Monday 25 September 2017

Retailers seeking new buyers on distant shores

Sarah McCabe

Sarah McCabe

HARD-pressed retailers are increasingly looking overseas for new business.

Having finally emerged from the massive post-2008 global slump in consumer demand, they now face a very different economic landscape where traditionally important markets are losing dominance.

Market saturation is a growing challenge. Most retailers (anyone who sells directly to consumers rather than other businesses) in developed western countries have been present in their local market for a long period of time.
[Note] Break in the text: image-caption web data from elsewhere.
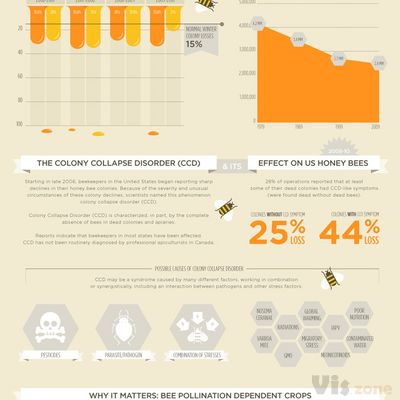 Infographic of the Day: Who Cares if Honey Bees Are Dying?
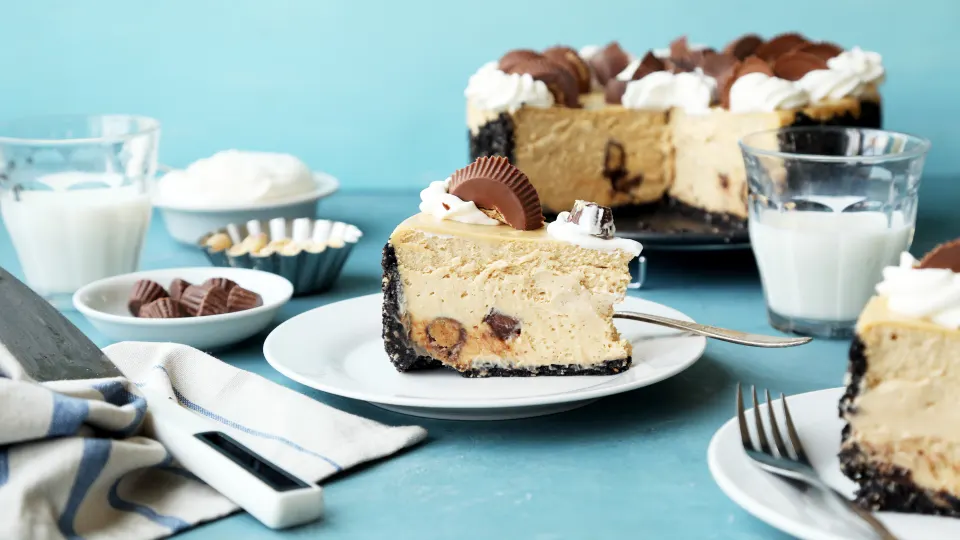 photo by Jonathan Melendez 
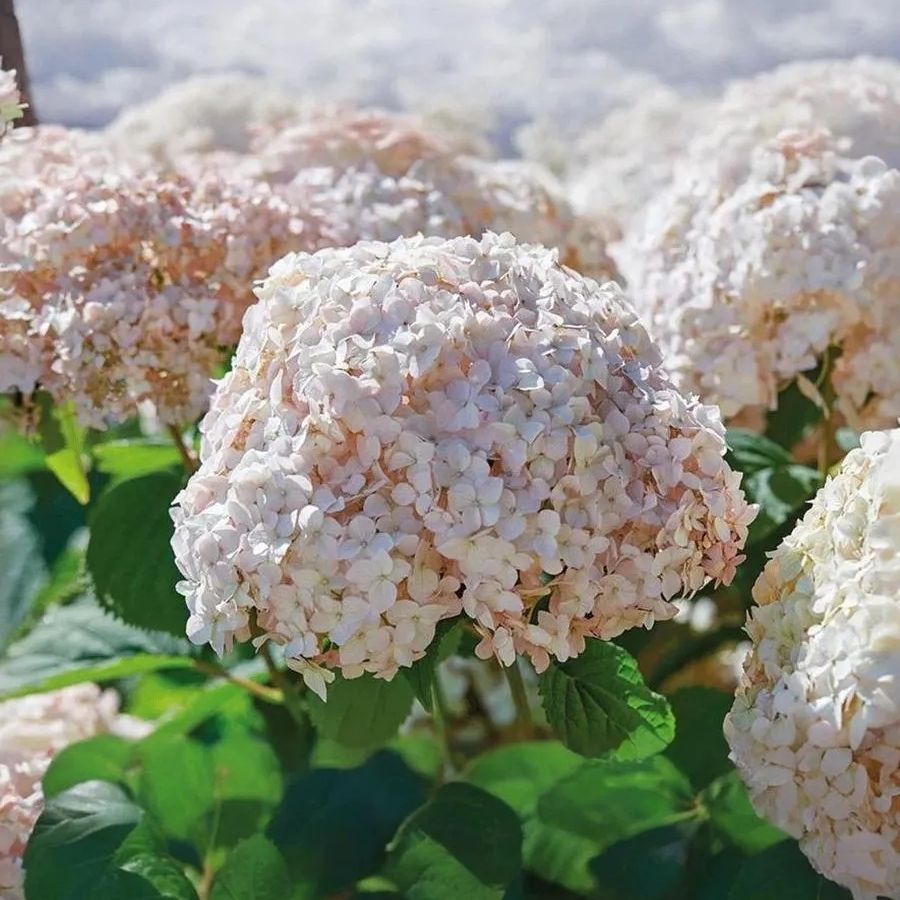 Гортензия древовидная Кендибель МиниБель, С2 Гортензия древовидная Кендибель МиниБель, С2 - Dolina-Sad.Ru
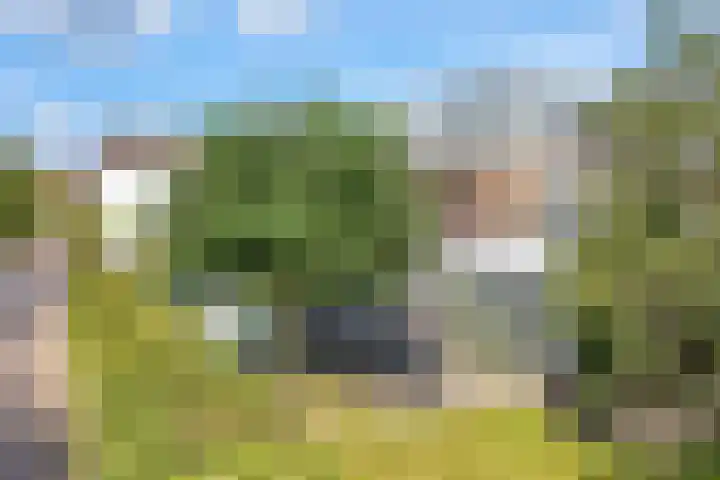 Stobberakplantsoen 42 Utrecht thumbnail 5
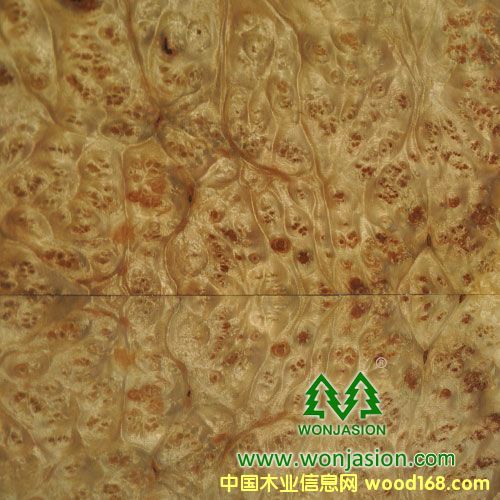 ����(d��ng)�Ș����Ԕ��(x��)��B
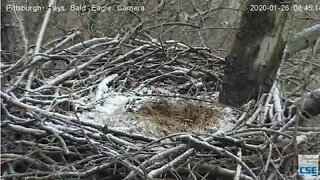 Hays Eagles Mom and Dad fly off Nice pan of nest depth and area 12620 842am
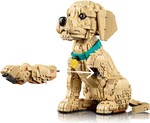 Golden Retriever Puppy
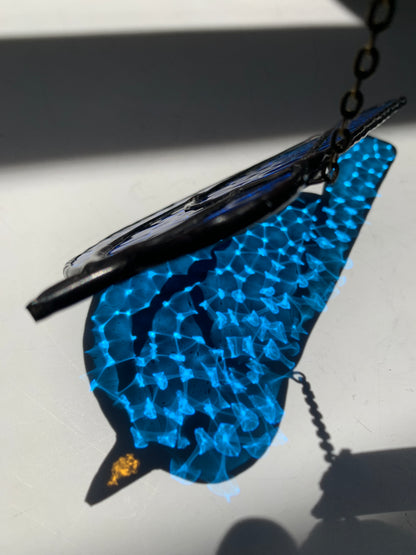 Colorful Bird Friend • Blue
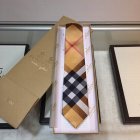 Burberry Ties 01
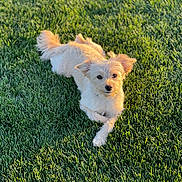 Nami joined the competition — help win amazing prizes! animal, canine, cute, daylight, dog, fur, grass, greenery, laying_down, mammal, nature, outdoor, park, pet, portrait, relaxed, small_dog, summer, sunlight, sunshine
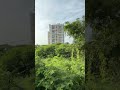 iphone 15 SLO-MO Test #iPhone  #iphone15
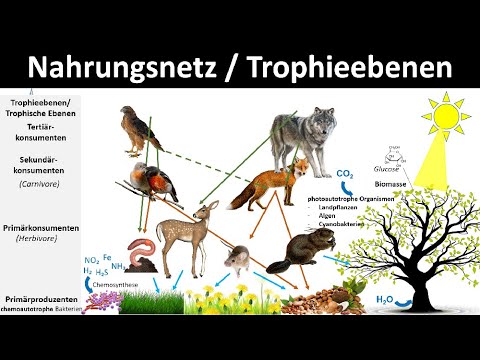 Nahrungsnetz / Nahrungskette / Trophieebenen [Biologie, Ökologie]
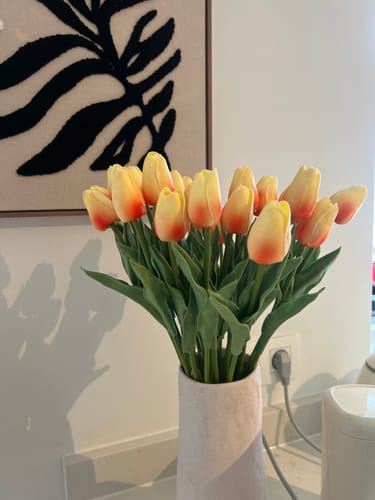 Customer photo review of Tulipes - Pêche (25 Tiges)
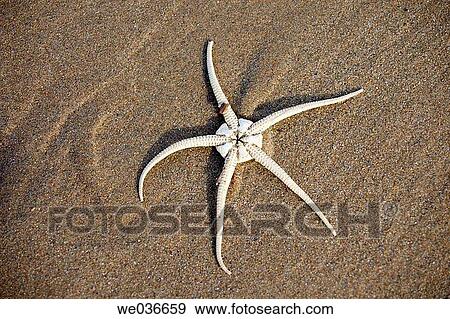 Starfish View Large Photo Image Stock Photo - Starfish. Fotosearch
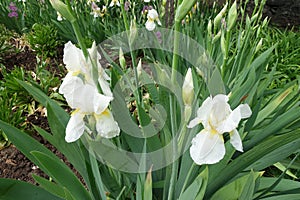 Bearded irises with three white flowers and buds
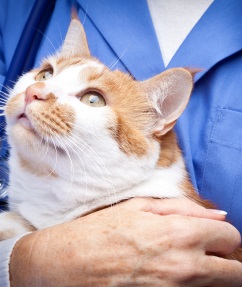 Veterinarian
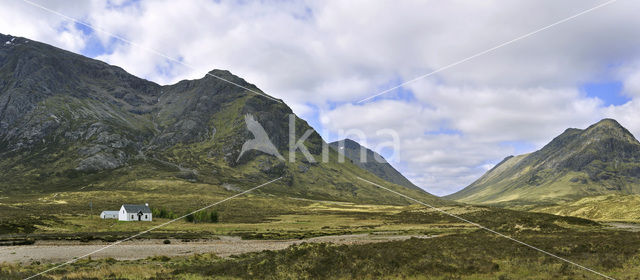 Buachaille Etive Mor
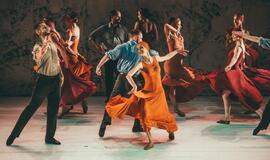 „Graikas Zorba“: žemė pajūryje juda sirtakio ritmu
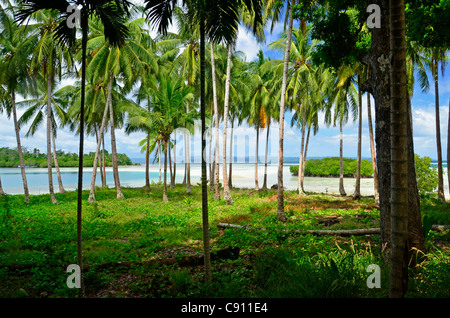 Il Palm Grove su Ppalm treeaniki Isola, Raja Ampat isole vicino Papua occidentale, in Indonesia nel triangolo di corallo, Oceano Pacifico. Foto Stock
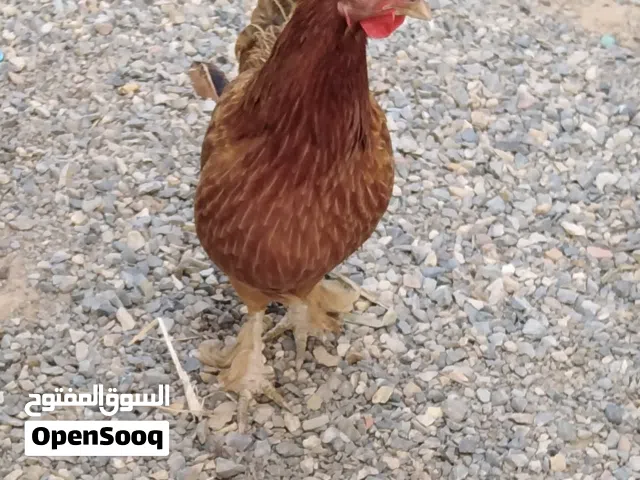 دجاج عربي و2 فروج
Their customers are essentially tapped out, having enjoyed a wide variety of products and services vying for their money for a very long time.

It is also difficult to secure new business from equally long-standing competitors.

It is emerging, rapidly developing countries like India and China that offer the biggest growth opportunities.

These markets are churning out huge numbers of middle-class customers and as a result are seeing a spike in demand for the high-quality products the demographic consumes – everything from beef to smartphones.

A new study by Barclays predicts that retail spending in Russia alone will grow by 68pc between 2012 and 2018 and by 58pc in India, while spending in Ireland will grow by just 7.3pc

DOMESTIC MARKETS

"It would be unreasonable to say there is no further growth in domestic markets," says Richard Lowe, head of retail at Barclays, "but it is becoming increasingly difficult to extract in the current climate.

"The economic realities across the western world mean that retailers now have international expansion firmly on their radar and consider expanding into developing markets where growth opportunities are abundant."

Even despite the fact that developing countries offer the fastest pace of growth, Barclays says the US is the destination of choice for retailers looking to expand overseas.

Unfortunately, the US is also the most difficult market to achieve commercial success in because it is highly saturated and competitive.

The second favourite country for expansion, China, offers better prospects. It will see an estimated 85pc growth in retail spending between 2012 and 2016.

In Asia, luxury brands like Burberry have found a ready audience of middle-class consumers attracted to their heritage and aspirational marketing.

And while Africa remains one of the final frontiers for retail, US giant Walmart's recent takeover of South African supermarket chain Massmart shows how seriously global retailers are now taking the continent.

Ireland is home to examples of businesses who have successfully tapped emerging markets, too, like Smyths Toys and Micksgarage.com.

Yet successful international expansion is not easy to achieve. It is not simply a matter of setting up shop in a new country.

Retail is essentially a local business and business models and strategies that are successful in one region may not work in another.

British DIY chain Kingfisher's launch in China encountered serious difficulties because the home-improvement market in that country was not yet developed enough.

History is littered with examples of failure, where capital has been wasted by entering foreign markets too soon or unprepared.